Connue sous le pseudonyme « Narco Queen », Sabrina Durán Montero a été assassinée dans les rues de Santiago du Chili fin octobre de huit balles dans le corps. Âgée de 24 ans, l'influenceuse était une narcotrafiquante reconnue. La police avance la thèse d'un règlement de comptes d'un gang de drogue rival.
La Queen du narcotrafic
Sabrina et deux de ses frères soupçonnés de « fourniture, distribution et trafic de cannabis, de cocaïne, de MDMA et de champignons magiques » avaient été arrêtés début 2023. Cadette d'une famille de neuf frères et sœurs et mère d'un garçon de 10 ans, la « Narco Queen » a grandi au milieu de la drogue. Des documents judiciaires cités par les médias locaux révèlent son implication précoce dans le commerce de substances illégales alors qu'elle était encore adolescente. Au cours de son incarcération, la jeune femme aurait entamé une relation avec Antonella Marchant, la cheffe du gang Los Marchant arrêtée en 2021 et purgeant actuellement 15 ans de prison. En liberté conditionnelle au moment de sa mort, la jeune femme publiait sur TikTok sous le nom de « Joakina Gusman » (@katrinagusman), une référence à Joaquín « El Chapo » Guzman, l'ancien patron du cartel de Sinaloa.
Le business de la drogue sur les réseaux sociaux
La « Narco Queen de Peñaflor », cheffe d'un gang criminel dans la banlieue de Peñaflor à Santiago, a gagné en popularité en documentant sa vie derrière les barreaux. Depuis sa prison, maquillée et arborant des bijoux volumineux, la jeune femme partageait des chorégraphies sur du reggaeton. Au moment de sa mort, elle était suivie par près de 500 000 abonnés (aujourd'hui elle cumule 634 000 followers). Rien de surprenant selon Pilar Lizana, spécialiste de la sécurité au centre de recherche chilien AthenaLab : « L'État de droit a reculé dans certaines régions, entraînant un terrorisme rural dans le sud et des saisies de terres à Alto Hospicio. Le crime prend alors le dessus pour combler le vide. Les jeunes admirent souvent des individus comme Ina, qui représentent un monde de pouvoir, de richesse rapide, de voitures de luxe volées et d'armes à feu. »

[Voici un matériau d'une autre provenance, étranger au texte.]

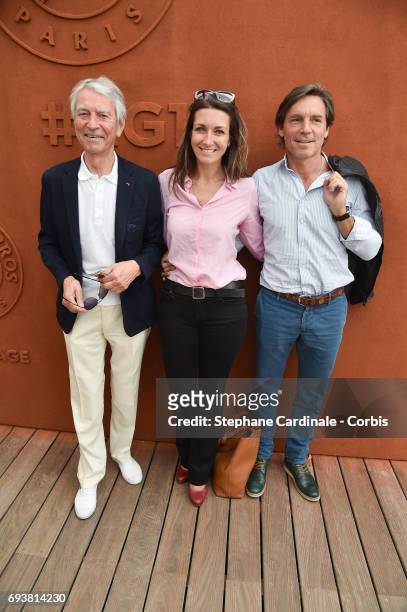 Journalists Jean-Claude Narcy, Anne-Claire Coudray and her companion Nicolas Vix attend the French Tennis Open 2017 - Day Twelve at Roland Garros on...
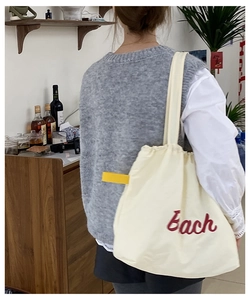 Close-up of off-white nylon tote bag with red embroidered 'Each' and yellow strap details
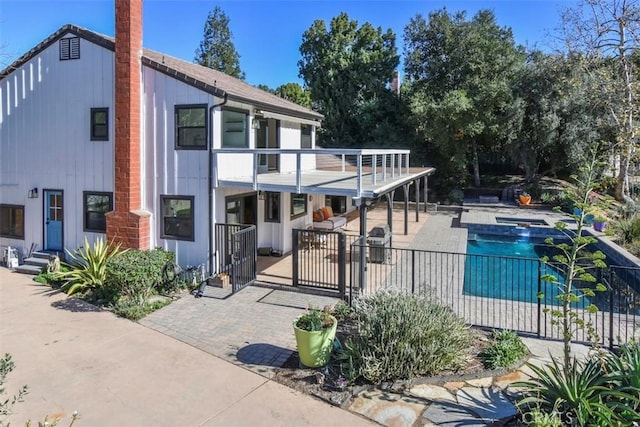 rear view of property featuring a pool with hot tub, a balcony, and a patio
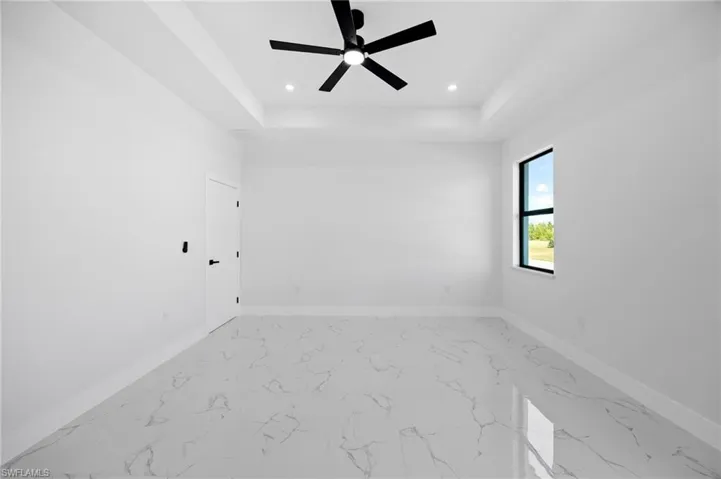 Unfurnished room featuring a tray ceiling, light marble finish flooring, a ceiling fan, and recessed lighting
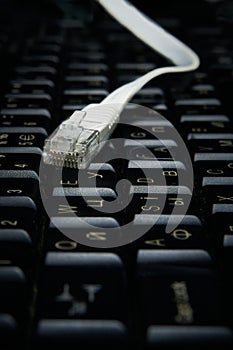 Network cable on keyboard, internet, worldwide network.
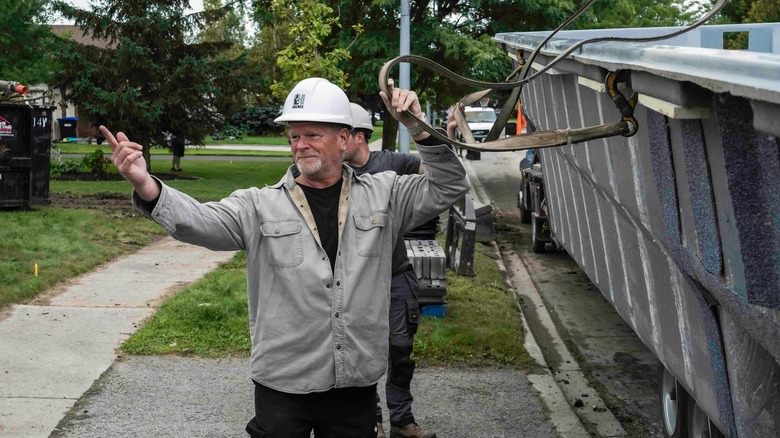 Mike Holmes standing near a dumpster, wearing a hard hat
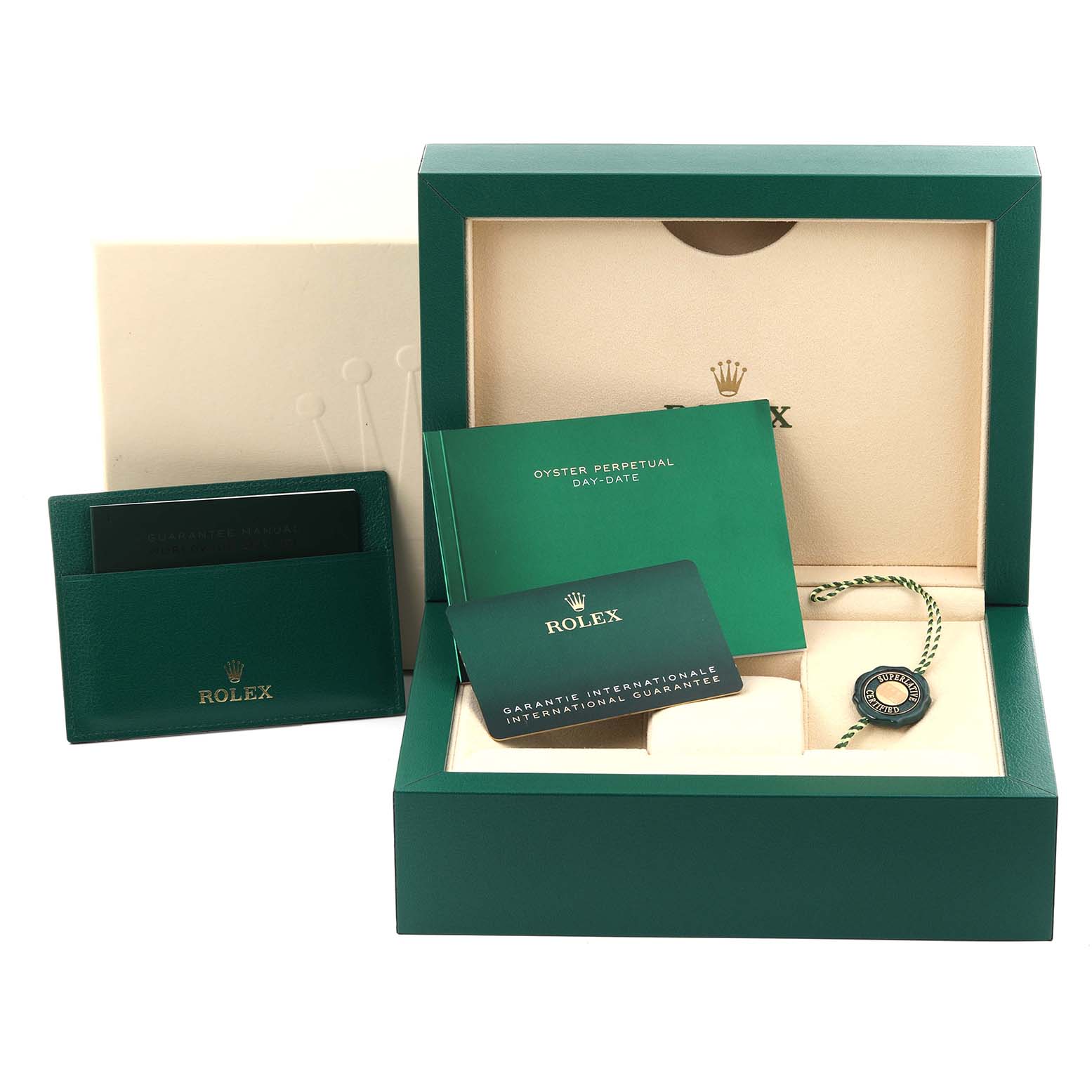 This image shows the packaging, warranty cards, booklet, and tag of the Rolex President 228349RBR Men's White Gold Blue Dial 228349RBR Men's White Gold Blue Dial model watch.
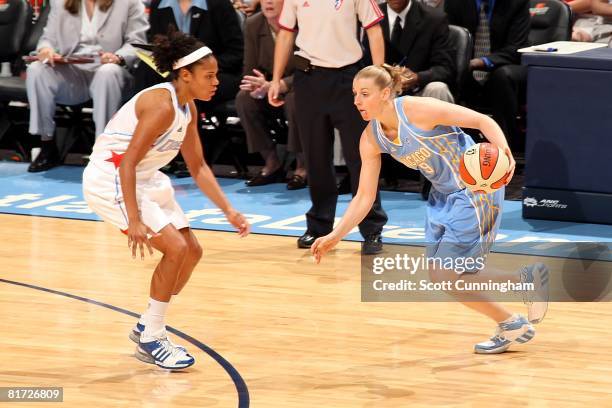 Cathy Joens of the Chicago Sky drives against Chioma Nnamaka of the Atlanta Dream during the WNBA game on June 6, 2008 at Philips Arena in Atlanta,...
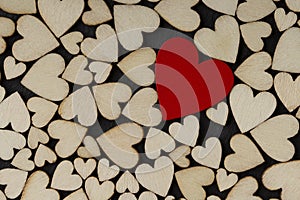 One red heart on the Wooden hearts background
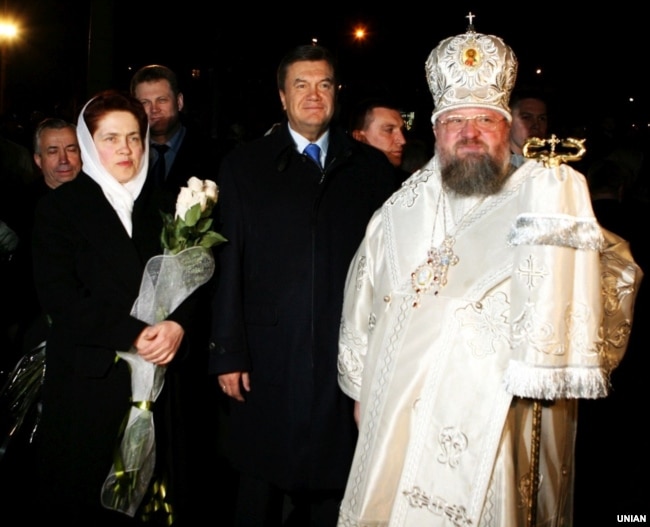 Тодішній прем’єр-міністр України Віктор Янукович з дружиною Людмилою та митрополит Донецький і Маріупольський Ілларіон (Роман Шукало) у кафедральному Свято-Преображенському соборі в Донецьку, 7 квітня 2007 року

Un point de vue partagé par le sociologue Rodrigo Ganter, auteur d'un livre sur la narcoculture chilienne. Selon lui, le cas montre comment le trafic de drogue s'est étendu à de nouveaux domaines, touchant un segment spécifique de la société au cours de la dernière décennie. Les drogues « ont désormais une influence majeure sur les préférences, l'esthétique, les modèles et les aspirations de groupes sociaux spécifiques ». Mais, au-delà de la fascination des jeunes pour la narcoculture, la présence de trafiquants sur les réseaux sociaux a également une vocation fonctionnelle selon Pablo Carvacho, directeur du Centre chilien de recherche sur la justice et la société. « Pendant la pandémie, de nombreuses activités du monde réel – y compris la criminalité – ont migré en ligne. Les trafiquants de drogue recherchent des acheteurs potentiels dans l’espace numérique. Il ne s'agit pas seulement d'une représentation culturelle du crime, il y a aussi un aspect fonctionnel ».